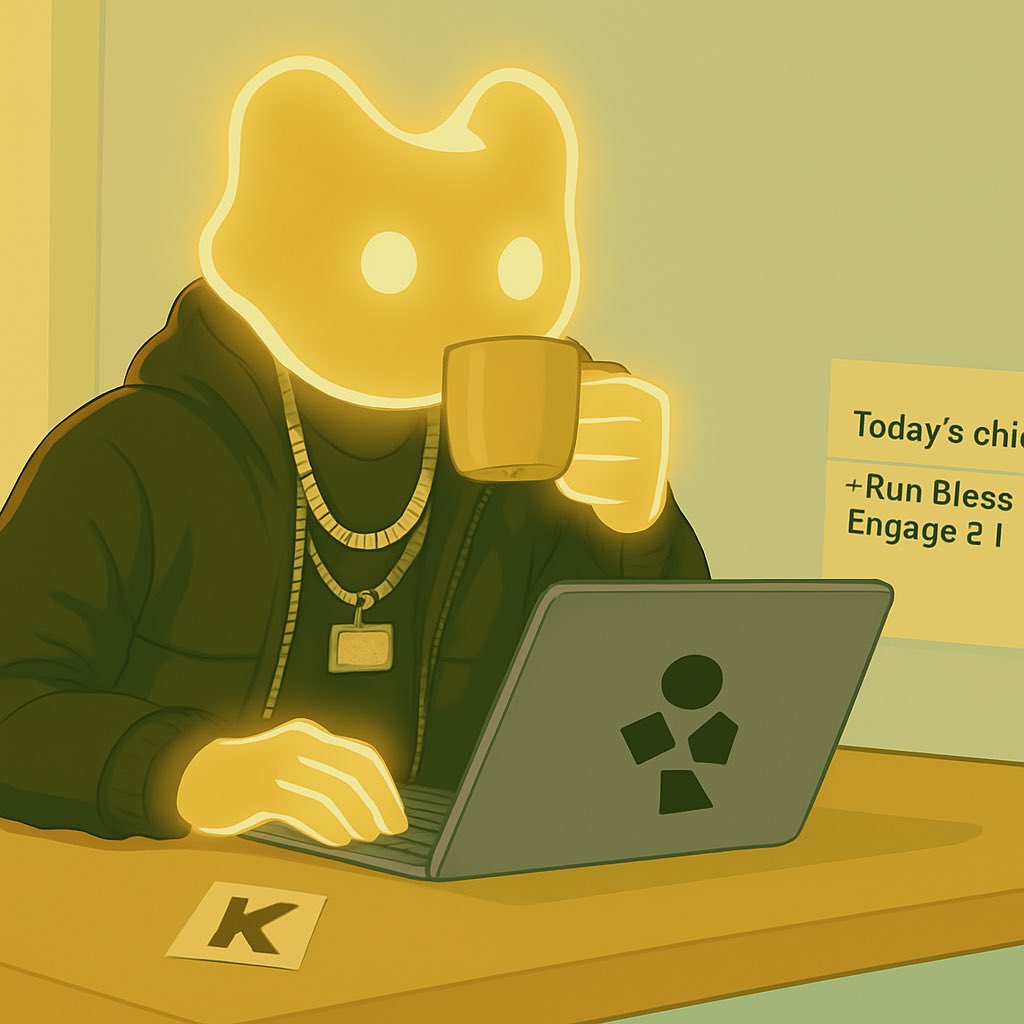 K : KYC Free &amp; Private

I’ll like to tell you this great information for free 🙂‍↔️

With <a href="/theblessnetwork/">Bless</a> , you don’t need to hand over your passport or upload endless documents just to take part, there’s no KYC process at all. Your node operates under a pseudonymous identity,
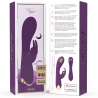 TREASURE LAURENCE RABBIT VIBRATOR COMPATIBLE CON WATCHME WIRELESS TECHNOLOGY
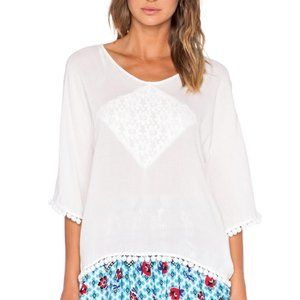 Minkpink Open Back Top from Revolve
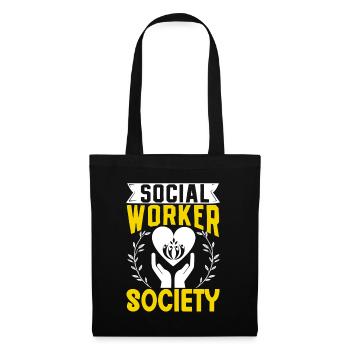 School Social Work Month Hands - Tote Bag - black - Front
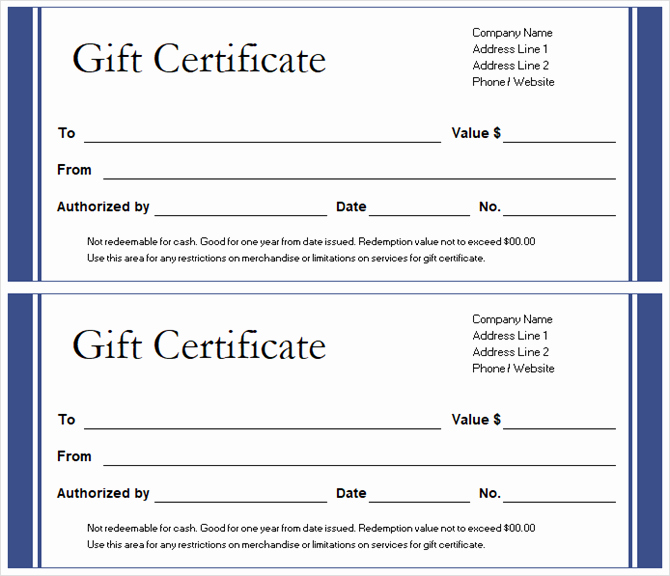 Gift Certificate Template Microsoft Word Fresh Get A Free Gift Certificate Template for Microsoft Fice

================================

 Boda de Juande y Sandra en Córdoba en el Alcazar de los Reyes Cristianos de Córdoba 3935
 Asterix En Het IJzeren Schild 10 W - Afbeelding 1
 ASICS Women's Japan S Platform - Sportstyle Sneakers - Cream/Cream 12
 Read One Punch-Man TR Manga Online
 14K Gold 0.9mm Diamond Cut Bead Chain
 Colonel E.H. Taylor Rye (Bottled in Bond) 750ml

================================

ASSIGNMENT:
After locating the line with "Boda de Juande" in the material above, return it and each line after it exactly, ending at the line with "Colonel E.H. Taylor".

OUTPUT OF THE EXERCISE:
 Boda de Juande y Sandra en Córdoba en el Alcazar de los Reyes Cristianos de Córdoba 3935
 Asterix En Het IJzeren Schild 10 W - Afbeelding 1
 ASICS Women's Japan S Platform - Sportstyle Sneakers - Cream/Cream 12
 Read One Punch-Man TR Manga Online
 14K Gold 0.9mm Diamond Cut Bead Chain
 Colonel E.H. Taylor Rye (Bottled in Bond) 750ml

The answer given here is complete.